**Task instructions**
Give all of the data below again exactly, and drop the images.

**Recorded data**
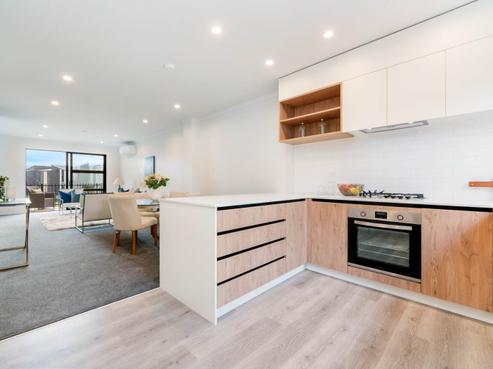 7 Henry Maxwell Way, Flat Bush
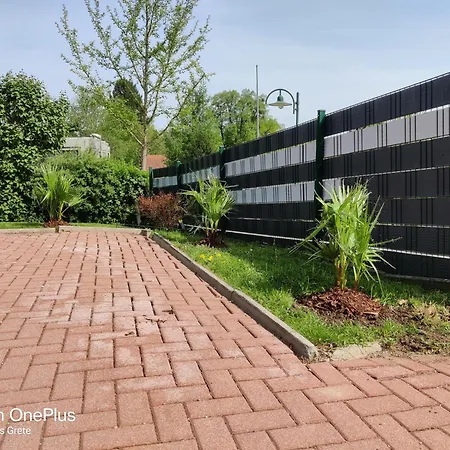 Grete, An Der Weinstrasse Эренхаузен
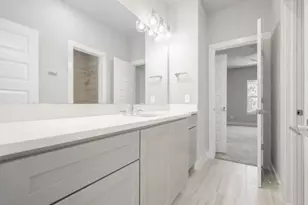 1414 W 34th 1/2 St, Houston, TX 77018 - Photo 21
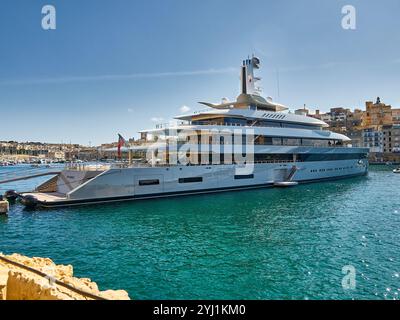 Ormeggiato nel porto di la Valletta, Malta, superyacht Moonrise Foto Stock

**Task result**
 7 Henry Maxwell Way, Flat Bush
 Grete, An Der Weinstrasse Эренхаузен
 1414 W 34th 1/2 St, Houston, TX 77018 - Photo 21
 Ormeggiato nel porto di la Valletta, Malta, superyacht Moonrise Foto Stock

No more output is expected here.